⟨

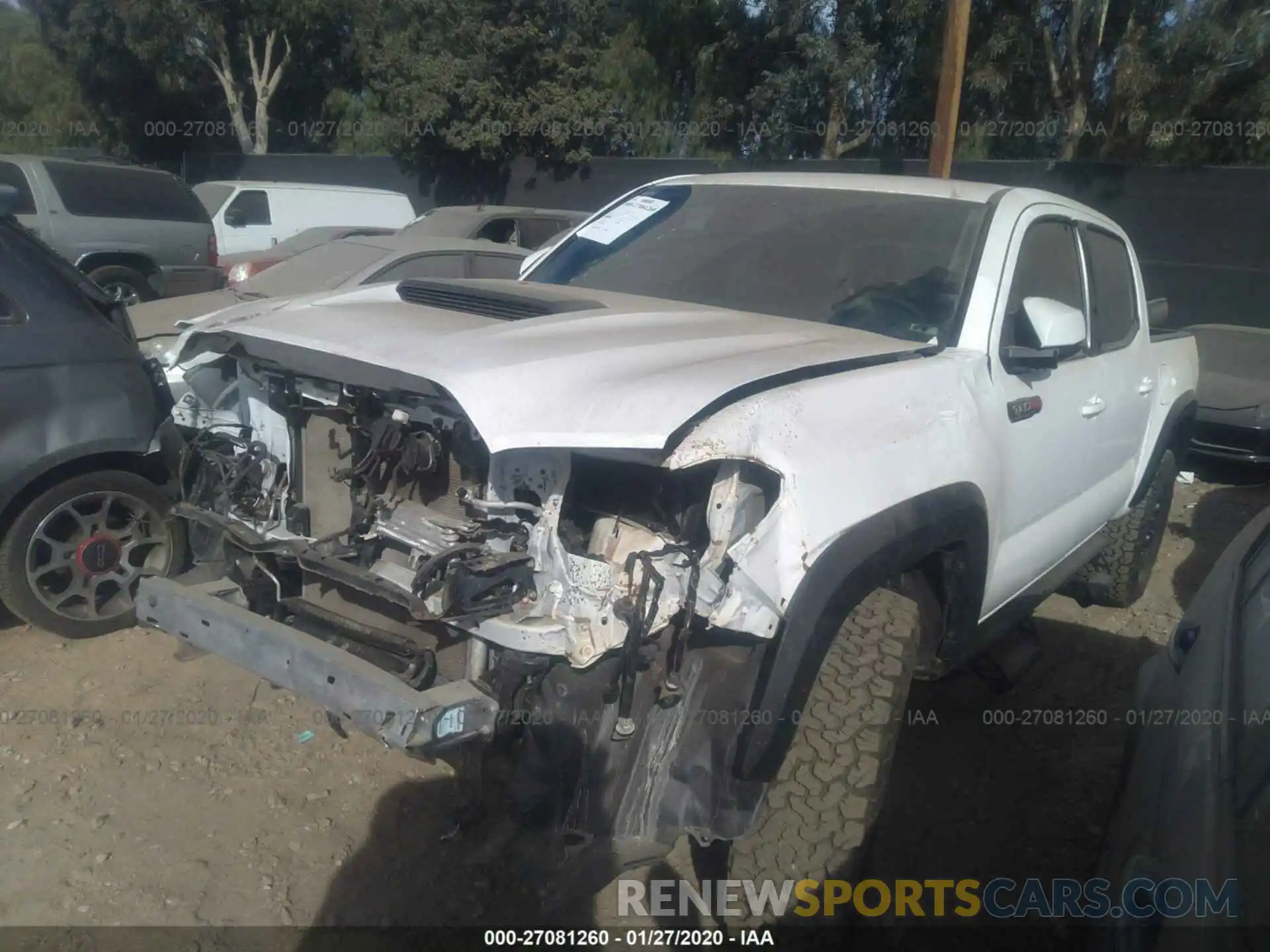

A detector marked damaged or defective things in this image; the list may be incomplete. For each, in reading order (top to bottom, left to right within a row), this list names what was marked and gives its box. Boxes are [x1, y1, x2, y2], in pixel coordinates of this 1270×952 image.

damaged hood [179, 279, 926, 455]
wrecked white pickup truck [139, 175, 1201, 910]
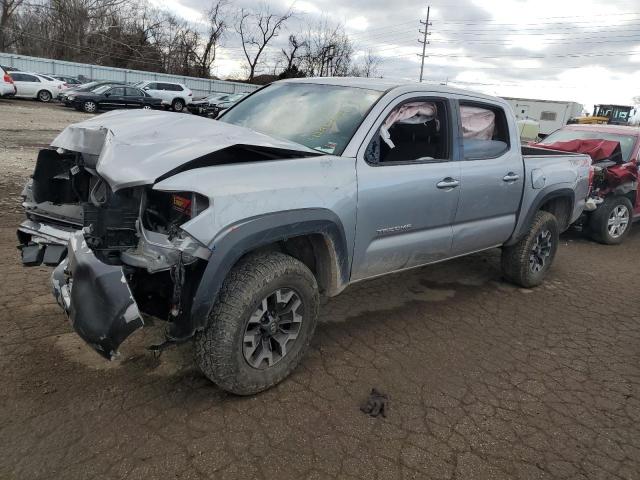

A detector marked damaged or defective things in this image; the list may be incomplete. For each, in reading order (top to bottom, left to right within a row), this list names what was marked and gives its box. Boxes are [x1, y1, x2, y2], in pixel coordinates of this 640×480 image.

crumpled hood [52, 109, 318, 190]
red damaged car [532, 124, 636, 244]
missing front bumper [51, 232, 144, 360]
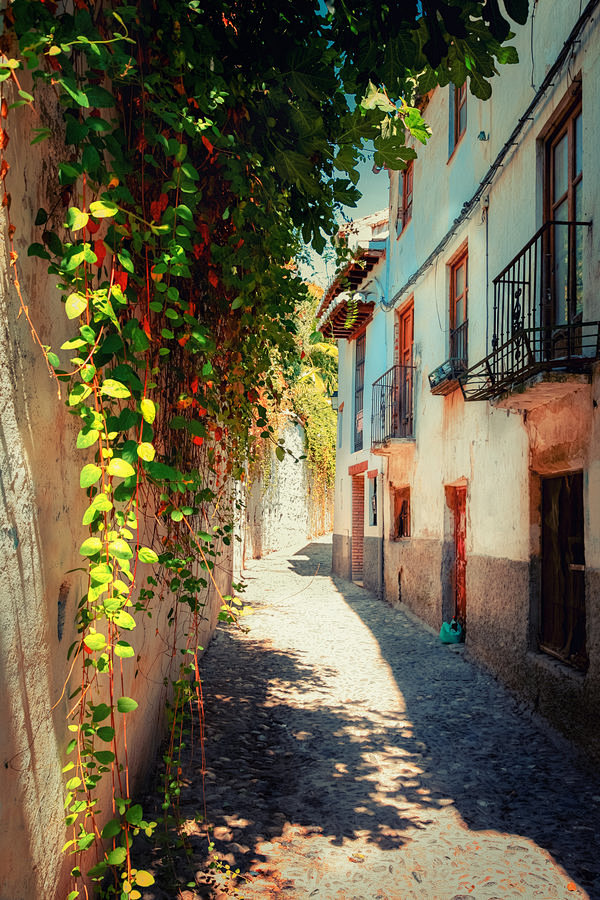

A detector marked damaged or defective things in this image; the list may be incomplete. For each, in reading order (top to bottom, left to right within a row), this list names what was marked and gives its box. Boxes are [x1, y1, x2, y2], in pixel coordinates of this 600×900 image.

peeling paint wall [0, 81, 231, 896]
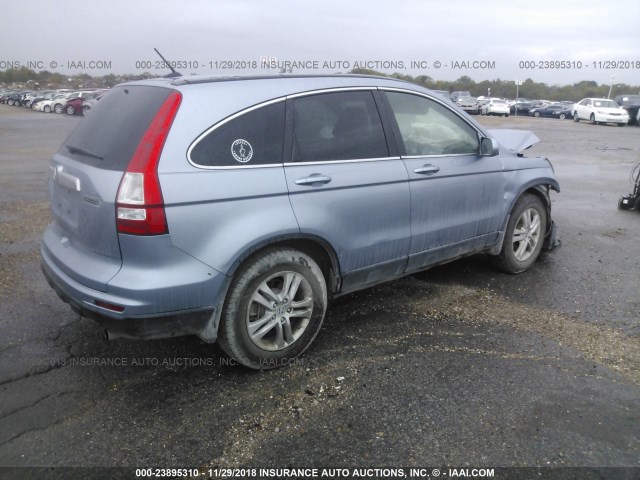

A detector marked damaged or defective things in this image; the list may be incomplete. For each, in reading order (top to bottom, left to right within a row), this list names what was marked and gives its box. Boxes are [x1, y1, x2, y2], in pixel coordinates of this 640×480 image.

crumpled hood [488, 128, 536, 153]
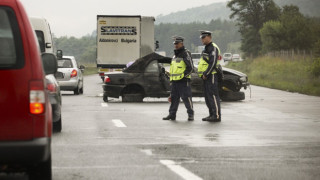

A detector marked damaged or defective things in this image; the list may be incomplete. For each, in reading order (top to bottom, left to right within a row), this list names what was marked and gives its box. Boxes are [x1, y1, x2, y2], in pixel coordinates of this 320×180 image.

damaged black car [102, 52, 250, 102]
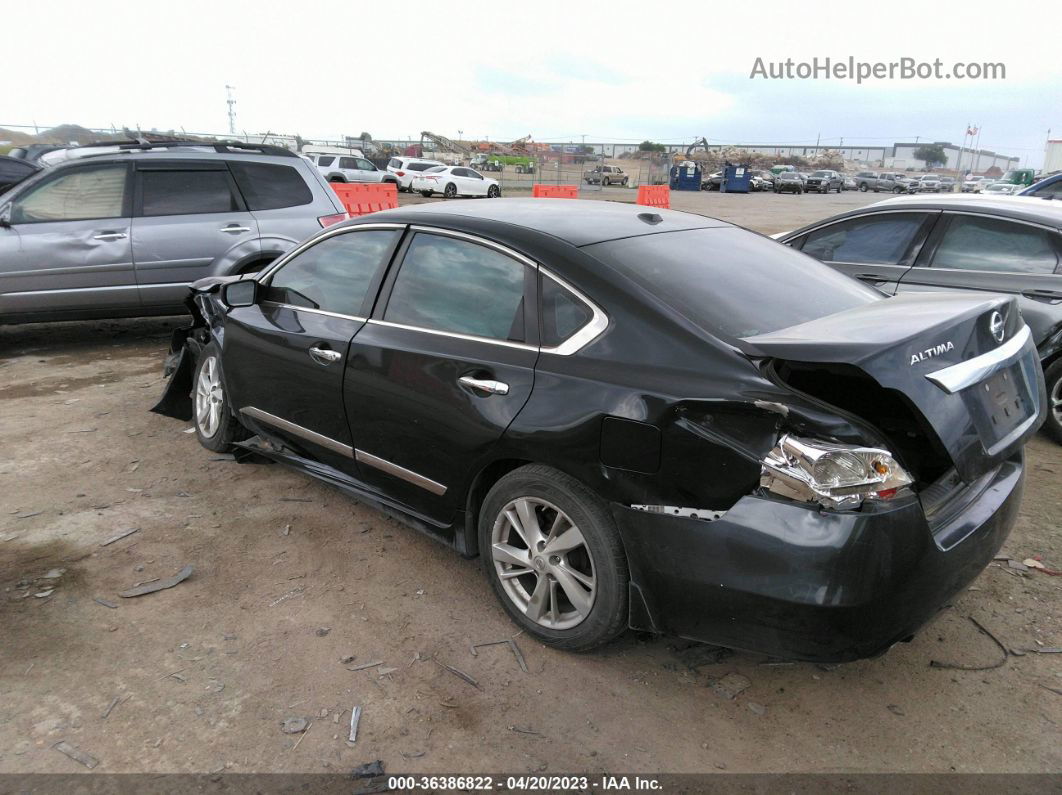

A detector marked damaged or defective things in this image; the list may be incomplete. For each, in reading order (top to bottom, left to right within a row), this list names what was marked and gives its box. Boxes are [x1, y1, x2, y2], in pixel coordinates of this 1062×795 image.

damaged black car [149, 201, 1045, 662]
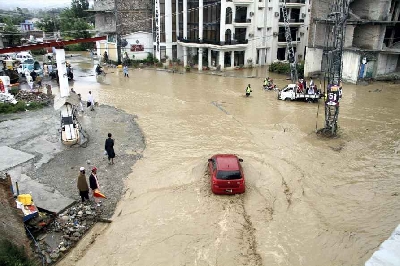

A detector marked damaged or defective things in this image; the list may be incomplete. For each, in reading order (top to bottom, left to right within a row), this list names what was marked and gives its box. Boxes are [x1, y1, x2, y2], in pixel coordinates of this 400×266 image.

damaged infrastructure [306, 0, 400, 82]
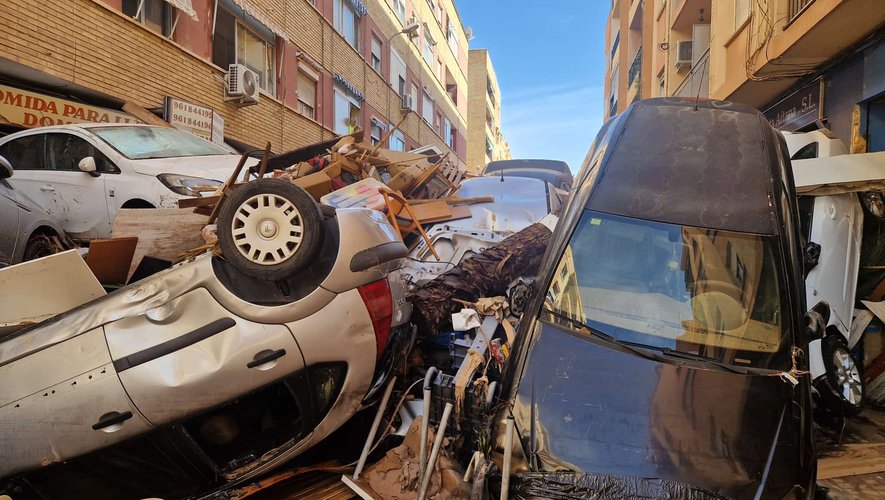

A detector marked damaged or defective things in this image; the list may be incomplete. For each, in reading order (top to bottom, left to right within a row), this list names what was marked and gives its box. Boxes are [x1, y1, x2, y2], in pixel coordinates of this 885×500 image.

broken wooden board [0, 249, 104, 336]
broken wooden board [85, 237, 139, 288]
broken wooden board [110, 207, 205, 278]
damaged silver car [0, 180, 412, 500]
wrecked car body [0, 198, 412, 496]
crushed car [0, 178, 414, 498]
crushed car [484, 98, 820, 500]
wrecked car body [494, 98, 820, 500]
broken wooden board [816, 446, 884, 480]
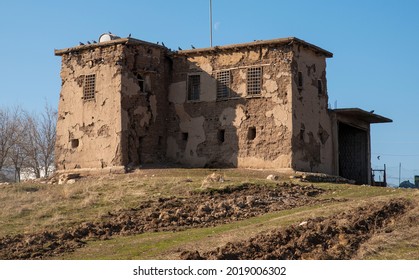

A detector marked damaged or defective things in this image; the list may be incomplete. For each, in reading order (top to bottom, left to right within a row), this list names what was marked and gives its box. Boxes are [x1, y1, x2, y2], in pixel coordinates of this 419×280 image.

damaged window frame [217, 70, 233, 100]
damaged window frame [246, 66, 262, 96]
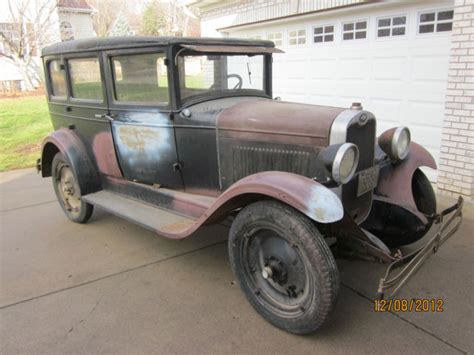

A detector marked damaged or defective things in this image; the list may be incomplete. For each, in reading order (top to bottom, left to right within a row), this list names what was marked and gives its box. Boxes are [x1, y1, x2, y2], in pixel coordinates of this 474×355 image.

rusted car body [38, 37, 462, 336]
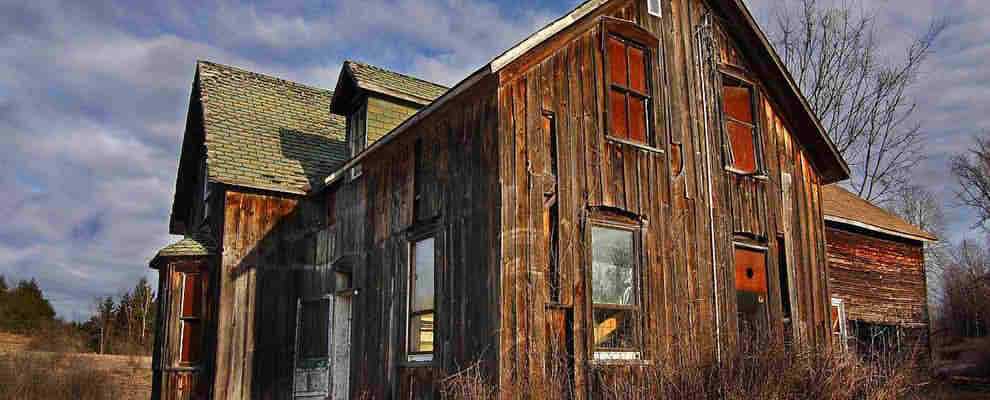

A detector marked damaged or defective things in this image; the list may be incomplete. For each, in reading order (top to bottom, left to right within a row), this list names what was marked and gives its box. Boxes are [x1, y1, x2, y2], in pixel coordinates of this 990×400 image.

broken window [608, 32, 656, 146]
broken window [724, 76, 764, 173]
broken window [179, 272, 204, 366]
broken window [408, 236, 436, 360]
broken window [588, 225, 644, 360]
broken window [736, 247, 776, 338]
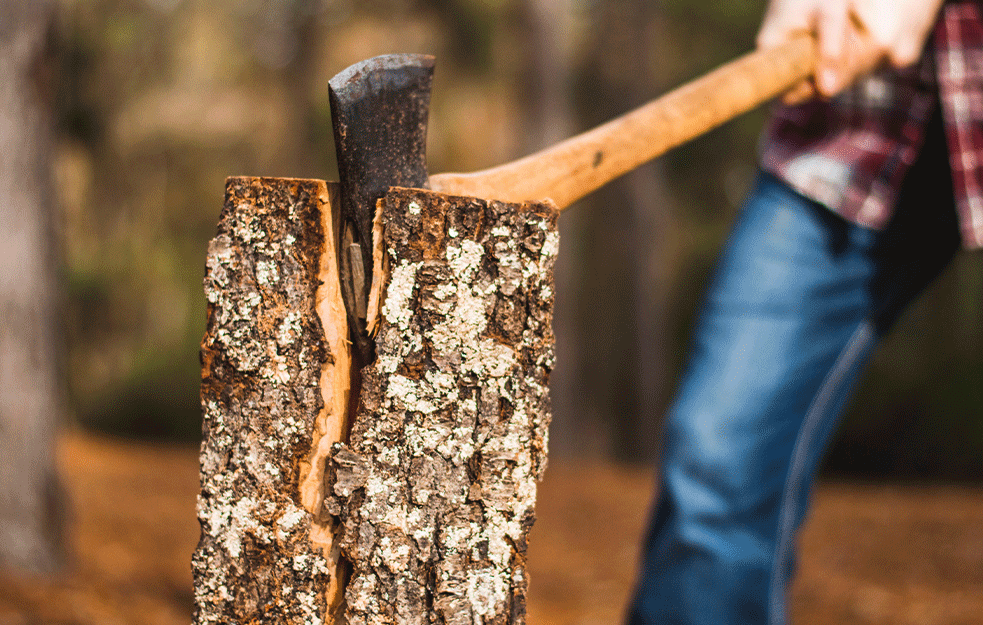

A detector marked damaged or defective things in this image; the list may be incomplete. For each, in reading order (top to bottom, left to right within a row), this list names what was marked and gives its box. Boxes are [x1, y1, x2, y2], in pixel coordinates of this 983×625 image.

rusty axe head [328, 55, 432, 364]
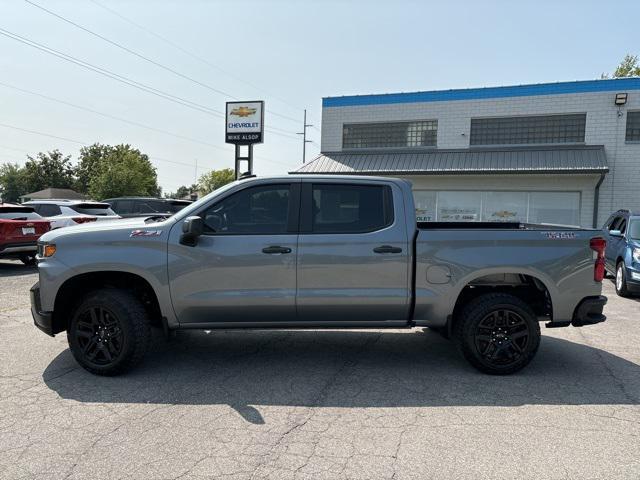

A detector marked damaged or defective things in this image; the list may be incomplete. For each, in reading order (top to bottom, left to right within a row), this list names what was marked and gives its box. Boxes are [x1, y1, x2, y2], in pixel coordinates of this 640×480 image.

cracked asphalt [0, 260, 636, 478]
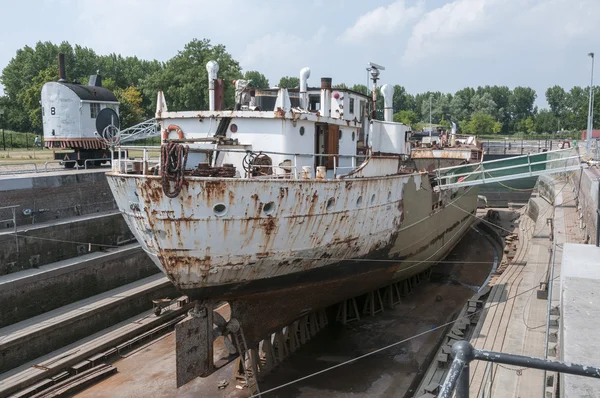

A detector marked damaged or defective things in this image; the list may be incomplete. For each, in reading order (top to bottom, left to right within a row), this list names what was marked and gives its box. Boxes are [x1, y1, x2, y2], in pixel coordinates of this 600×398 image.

rusted metal plate [176, 312, 211, 388]
rusty ship [105, 60, 486, 380]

⟩

### Task goal
Reprint each of the records exactly and skip the images.

### Response
A detector marked damaged or defective things in this image; the list may be incomplete. For each, in reading order (top to bottom, left to right within a row), this list names what was marked and gives its box. Boxes are [x1, y1, x2, y2], in pixel coordinates of this 1270×952 image.

damaged hood [179, 279, 926, 455]
wrecked white pickup truck [139, 175, 1201, 910]

A detector marked damaged or defective things in this image; the list may be incomplete. For each, in reading order (top to bottom, left to right within a row), this list names what was marked and gives its box. Boxes are [x1, y1, x2, y2], in pixel coordinates of this 640×480 image.

crumpled hood [52, 109, 318, 190]
red damaged car [532, 124, 636, 244]
missing front bumper [51, 232, 144, 360]

A detector marked damaged or defective things in this image; the list may be incomplete. For each, in reading order (top to bottom, left to right within a row), this list names what was marked and gives its box. Boxes are [x1, y1, x2, y2], in pixel coordinates of this 600×900 image.

peeling paint wall [0, 81, 231, 896]

A detector marked damaged or defective things in this image; the list may be incomplete. For each, in reading order (top to bottom, left to right within a row), this list names what was marked and gives its box. Boxes are [x1, y1, x2, y2], in pixel coordinates of this 640×480 image.

crumpled hood [488, 128, 536, 153]

A detector marked damaged or defective things in this image; the list may be incomplete. For each, in reading order (top to bottom, left to right within a row), this list names what was marked and gives its box. Boxes are [x1, y1, x2, y2], in pixel coordinates of this 320×180 image.

damaged black car [102, 52, 250, 102]

A detector marked damaged or defective things in this image; the list may be incomplete. For each, in reading order (top to bottom, left to right within a row), this list names what was marked and gives its box. Boxes are [x1, y1, x2, y2], in pixel coordinates of this 1062×795 image.

damaged black car [149, 201, 1045, 662]

A detector marked damaged or defective things in this image; the list may be incomplete. For each, in reading order (top to bottom, left to right within a row), this list names what was marked and gives its box. Boxes are [x1, y1, x2, y2], in pixel coordinates of this 400×266 image.

damaged infrastructure [306, 0, 400, 82]

A detector marked damaged or defective things in this image; the list may be incomplete. For each, in reading order (top to bottom, left to right within a row), this list names what was marked and gives its box. Boxes are [x1, y1, x2, y2], in pixel coordinates of this 885×500 image.

broken wooden board [0, 249, 104, 336]
broken wooden board [85, 237, 139, 288]
broken wooden board [110, 207, 205, 278]
damaged silver car [0, 180, 412, 500]
wrecked car body [0, 198, 412, 496]
crushed car [0, 178, 414, 498]
crushed car [484, 98, 820, 500]
wrecked car body [494, 98, 820, 500]
broken wooden board [816, 446, 884, 480]

A detector marked damaged or defective things in this image; the list may be incomplete. For each, in reading order (top to bottom, left to right within a row), this list names what was marked and gives its box. Boxes are [x1, y1, x2, y2], in pixel coordinates of this 419×280 image.

damaged window frame [217, 70, 233, 100]
damaged window frame [246, 66, 262, 96]

A detector marked damaged or defective things in this image; the list may be incomplete. For each, in reading order (top to bottom, left to right within a row), this list names what was marked and gives its box. Boxes are [x1, y1, x2, y2], in pixel coordinates of this 474×355 image.

rusted car body [38, 37, 462, 336]

A detector marked damaged or defective things in this image; the list may be incomplete. For each, in reading order (top to bottom, left to right within a row), this list names what was marked and gives its box. Boxes are [x1, y1, x2, y2], in pixel coordinates of this 990×400 image.

broken window [608, 32, 656, 146]
broken window [724, 76, 764, 173]
broken window [179, 272, 204, 366]
broken window [408, 236, 436, 360]
broken window [588, 225, 644, 360]
broken window [736, 247, 776, 338]

A detector marked damaged or defective things in this image; the list may be incomplete. For each, in reading order (top to bottom, left to right within a row), this list names what was marked and gives its box. Boxes are [x1, y1, x2, y2], in pixel coordinates of this 983×625 image.

rusty axe head [328, 55, 432, 364]

A detector marked damaged or defective things in this image; the list may be incomplete. For each, in reading order (top to bottom, left to right within a row), this list names what was marked and gives its box. Boxes are [x1, y1, x2, y2], in pixel coordinates of this 640×480 image.

cracked asphalt [0, 260, 636, 478]

A detector marked damaged or defective things in this image; the list may be incomplete. For each, in reading order (top to bottom, left to right within a row), this list names what was marked and gives its box. Boxes are [x1, y1, x2, y2], in pixel coordinates of this 600×398 image.

rusted metal plate [176, 312, 211, 388]
rusty ship [105, 60, 486, 380]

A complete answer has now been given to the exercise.